Investigating Power Factor Definitions in the Context of Unbalanced Loads and Voltages

The power factor (PF), an indicator of how efficiently the load is drawing energy from the grid and whether load compensation is necessary, should not be influenced by unbalances and harmonics present in the voltages. However, these phenomena can affect the readings of each PF definition, potentially leading to unfair scenarios for the customer or the utility. In the literature, the PF billing of unbalanced loads has not been evaluated considering unbalanced non-sinusoidal voltages.

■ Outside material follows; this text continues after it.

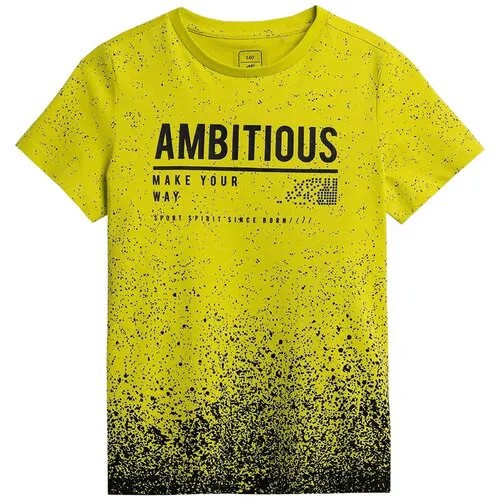 Футболка 4F BOY'S T-SHIRTS HJZ21-JTSM005A-72S 134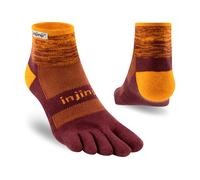 Injinji calcetines Trail Midweight Mini-Crew Chaussettes M Orange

To address this gap, this paper investigates five definitions (per-phase fundamental PF, and three-phase fundamental arithmetic, geometric, and positive-sequence PFs, and effective PF) when an extensive set of unbalanced non-sinusoidal voltage conditions are applied to balanced and unbalanced constant impedance loads via computational simulations and experimental tests, which reveals that all definitions, except the fundamental geometric and positive-sequence PFs, are sensitive to unbalances present in the supply voltage when applied to unbalanced constant resistive loads. Analytical expressions are developed for each PF definition, revealing that they are non-linear functions of the VUF and the load's admittances. It is also proposed admittance factors that can be employed for billing purposes because they do not depend on the voltages but solely on the load's characteristics.